Although Ground One contains other allegations, those allegations are the subject of petitioner's other grounds for relief. Also, petitioner in all his grounds for relief asserts that he is actually innocent of the charges because he did not possess the vehicles. The court has already held that a bare claim of actual innocence cannot be pursued in this case because petitioner waived such a claim by his guilty plea. (Doc. #46 at 10).
The statute of limitations for petitioner's federal habeas petition in this case expired on May 19, 2010 - one year after the Nevada Supreme Court issued the remittitur on his first habeas appeal. Petitioner filed his original and first amended petition within the statute of limitations. However, the second and third amended petitions were filed after the limitations period had expired.

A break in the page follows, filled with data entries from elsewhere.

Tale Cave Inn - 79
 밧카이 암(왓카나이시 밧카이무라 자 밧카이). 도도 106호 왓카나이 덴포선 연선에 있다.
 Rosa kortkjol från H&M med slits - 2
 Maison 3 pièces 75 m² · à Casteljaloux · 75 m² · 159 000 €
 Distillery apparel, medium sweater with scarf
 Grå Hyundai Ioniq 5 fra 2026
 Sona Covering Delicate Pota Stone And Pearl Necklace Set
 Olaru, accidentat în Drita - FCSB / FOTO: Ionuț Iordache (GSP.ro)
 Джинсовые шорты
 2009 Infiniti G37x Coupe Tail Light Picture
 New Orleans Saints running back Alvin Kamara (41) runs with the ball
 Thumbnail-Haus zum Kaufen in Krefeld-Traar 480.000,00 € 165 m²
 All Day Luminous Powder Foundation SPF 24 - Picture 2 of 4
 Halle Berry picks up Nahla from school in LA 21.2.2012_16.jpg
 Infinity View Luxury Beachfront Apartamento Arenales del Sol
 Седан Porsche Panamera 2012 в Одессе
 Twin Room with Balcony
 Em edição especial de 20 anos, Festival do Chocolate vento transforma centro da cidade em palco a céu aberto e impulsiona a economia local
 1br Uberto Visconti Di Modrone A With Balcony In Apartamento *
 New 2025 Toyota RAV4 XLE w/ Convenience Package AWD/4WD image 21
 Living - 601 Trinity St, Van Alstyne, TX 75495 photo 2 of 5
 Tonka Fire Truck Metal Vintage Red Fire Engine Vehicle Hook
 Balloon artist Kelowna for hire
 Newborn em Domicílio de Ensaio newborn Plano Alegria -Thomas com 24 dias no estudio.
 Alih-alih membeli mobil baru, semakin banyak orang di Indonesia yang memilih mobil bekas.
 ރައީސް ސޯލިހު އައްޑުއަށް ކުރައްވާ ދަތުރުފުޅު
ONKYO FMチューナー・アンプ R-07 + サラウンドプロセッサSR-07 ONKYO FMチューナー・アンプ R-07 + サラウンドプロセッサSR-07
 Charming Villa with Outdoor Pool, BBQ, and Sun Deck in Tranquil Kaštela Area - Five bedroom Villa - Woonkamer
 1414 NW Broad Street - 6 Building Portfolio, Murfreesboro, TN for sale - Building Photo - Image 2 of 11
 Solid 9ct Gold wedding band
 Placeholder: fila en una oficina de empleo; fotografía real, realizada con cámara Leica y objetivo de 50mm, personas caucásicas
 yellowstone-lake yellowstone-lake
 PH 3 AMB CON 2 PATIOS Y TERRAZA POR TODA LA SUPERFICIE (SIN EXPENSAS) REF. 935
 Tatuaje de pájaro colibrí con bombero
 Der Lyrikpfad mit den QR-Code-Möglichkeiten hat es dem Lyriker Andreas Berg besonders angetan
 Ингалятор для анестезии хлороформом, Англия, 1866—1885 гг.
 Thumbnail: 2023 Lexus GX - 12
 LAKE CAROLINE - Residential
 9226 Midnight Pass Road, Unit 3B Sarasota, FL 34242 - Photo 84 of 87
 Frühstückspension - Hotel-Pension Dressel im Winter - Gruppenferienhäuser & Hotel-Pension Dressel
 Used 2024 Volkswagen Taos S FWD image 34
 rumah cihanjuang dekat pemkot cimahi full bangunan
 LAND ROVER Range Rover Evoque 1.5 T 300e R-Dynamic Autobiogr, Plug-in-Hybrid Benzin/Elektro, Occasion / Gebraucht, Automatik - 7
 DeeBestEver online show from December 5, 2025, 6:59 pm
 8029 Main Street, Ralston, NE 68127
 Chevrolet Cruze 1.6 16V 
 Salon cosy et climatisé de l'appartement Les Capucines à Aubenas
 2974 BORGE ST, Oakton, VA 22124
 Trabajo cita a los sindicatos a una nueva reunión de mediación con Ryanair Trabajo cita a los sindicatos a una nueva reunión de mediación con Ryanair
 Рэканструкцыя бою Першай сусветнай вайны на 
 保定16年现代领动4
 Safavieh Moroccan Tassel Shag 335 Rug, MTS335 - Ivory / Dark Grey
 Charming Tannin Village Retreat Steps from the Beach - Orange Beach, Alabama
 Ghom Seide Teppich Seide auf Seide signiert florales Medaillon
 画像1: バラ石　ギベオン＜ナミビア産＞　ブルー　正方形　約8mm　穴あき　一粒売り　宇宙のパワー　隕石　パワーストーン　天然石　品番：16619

Petitioner filed his first state habeas petition before his conviction became final and thus the statute of limitations did not begin to run until the Nevada Supreme Court resolved the petition, which it did by issuing the remittitur on May 19, 2009. Although petitioner filed another state habeas petition before the statute of limitations expired, that petition did not toll the limitations period because the Nevada Supreme Court concluded the petition was both untimely and successive.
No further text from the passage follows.